Posted on June 26, 2012


The U.S. government’s decision to exempt India but not China from the sanctions, was a clear message that Chinese firms were soon to be included in the list of sanctioned firms with serious financial and market-access consequences for them, EU economic advisor Mehrdad Emadi said.

The advisor was commenting on how China will continue to deal with Iran’s oil imports, while not being included in the list of U.S. exempted countries that significantly reduced their oil imports from the Islamic Republic.

“One can see how Chinese firms have weighed the benefits of buying oil from Iran, be it at attractive discounts, against financial penalties but much more important to them, reduced access to the U.S. market and new obstacles in their trade with the EU,” Emadi added.

On June 12, U.S. officials said India, South Korea, Turkey, Taiwan, Malaysia, South Africa and Sri Lanka had reduced their purchases of Iranian crude sufficiently to cut Tehran’s exports without upsetting global oil prices.

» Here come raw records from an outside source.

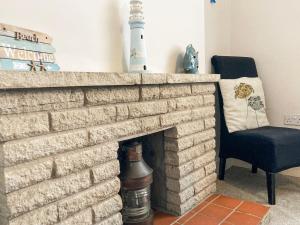 ein Wohnzimmer mit einem gemauerten Kamin mit einem Stuhl in der Unterkunft Dolphin Cottage in Braunton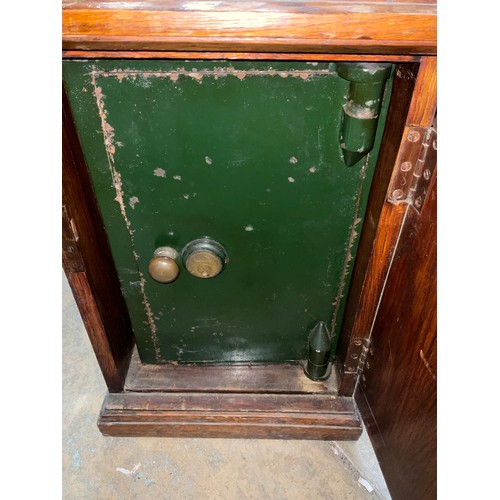 435 - Small green painted safe with Yale key lock, in oak cabinet, W35cm D36cm H50cm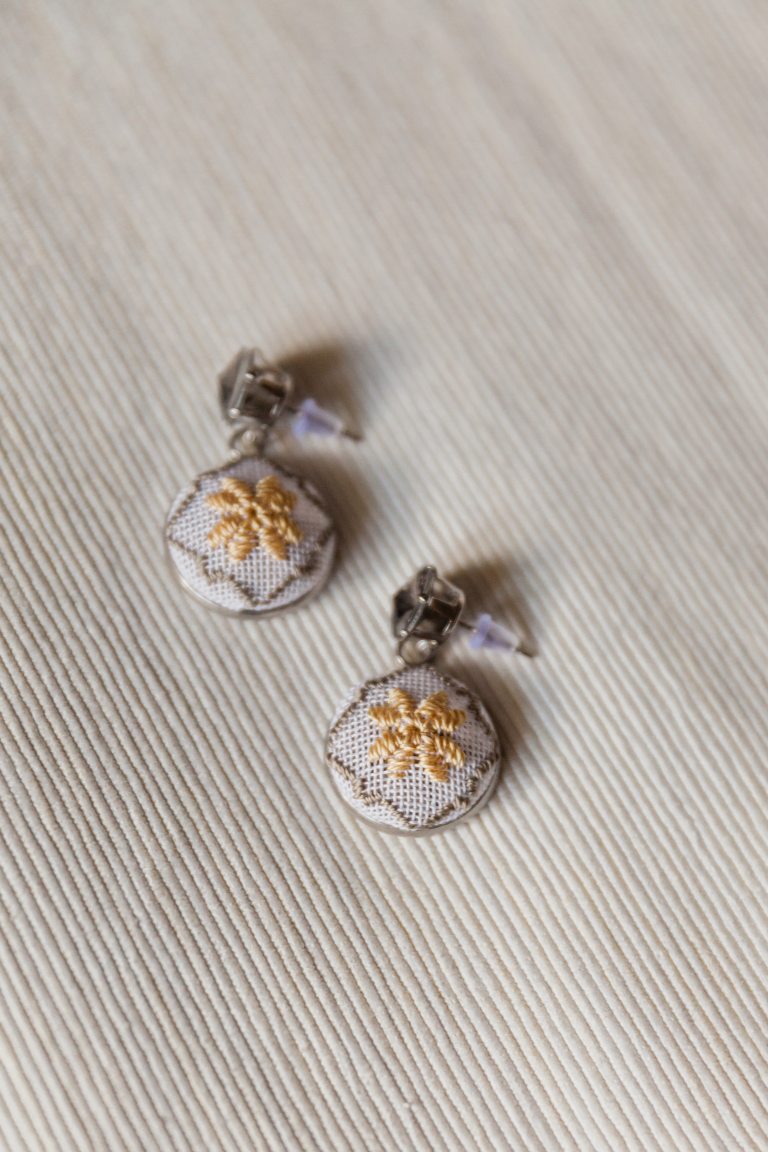 Golden hand-embroidered earrings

In March, the Obama administration similarly exempted 10 European countries and Japan from sanctions, saying they too had done enough to wean themselves from Iranian energy.

Two importers of Iranian oil that have not yet been granted exemptions are China and Singapore.

China, which alone buys as much as a fifth of Iran’s crude exports, and Singapore, where much of the country’s fuel oil is blended, did not receive such waivers, ramping up pressure on two important U.S. trade partners in Asia.

Tehran’s top customers, China, Japan, South Korea and India, have all cut imports this year as sanctions make it impossible to finance the deals, find tankers and arrange insurance cover to ship the crude.

China’s Sinopec has said to be importing from 16 to 20 percent less of oil from Iran this year compared to 2011.

“The decision to reduce import of oil from Iran should be seen in the structure of the proposal made to the main buyers of oil from Iran,” Emadi said.

Emadi added that recent decisions of the U.S. government suggest that it may be possible for the importers of oil from Iran to escape the new sanctions if they demonstrate that they are implementing schemes which reduces their oil purchase by around 20 percent.

He said if the same benchmarks as with other exempted countries are applied to China, a reduction of 20 percent in their purchase of oil from Iran accompanied with a rapid reduction in the presence of Chinese firms in the Iranian oil and gas projects should suffice to pave the way for the exemption of China from the forthcoming sanctions.

On June 20 Reuters reported that China’s Unipec, trading arm of top Asian refiner Sinopec Corp, has requested Iran to deliver July-loading crude cargoes to Chinese ports, ahead of a European insurance ban on Iranian oil exports that takes effect from July 1.

China has yet to work out a permanent way to obtain cover for China-flagged tankers that have been transporting at least part of the Iranian oil.

EU Advisor believes a more important question may be whether China will follow the same route as South Korea and India, which is finding alternative supply sources to further reduce their oil dependency on Iran.

“Given the rather unique nature of the relationship between China and Iran which has granted unrivaled access to Iranian market to Chinese firms, this may be a more complex source of contention than it was with India and South Korea,” Emadi underscored.

He admitted however that it may be safe to assume that despite the special concessions Chinese have gained from Iran in all areas of commerce, China is most unlikely to seriously risk a trade war or any form of commercial confrontation with the United States and the European Union over Iran.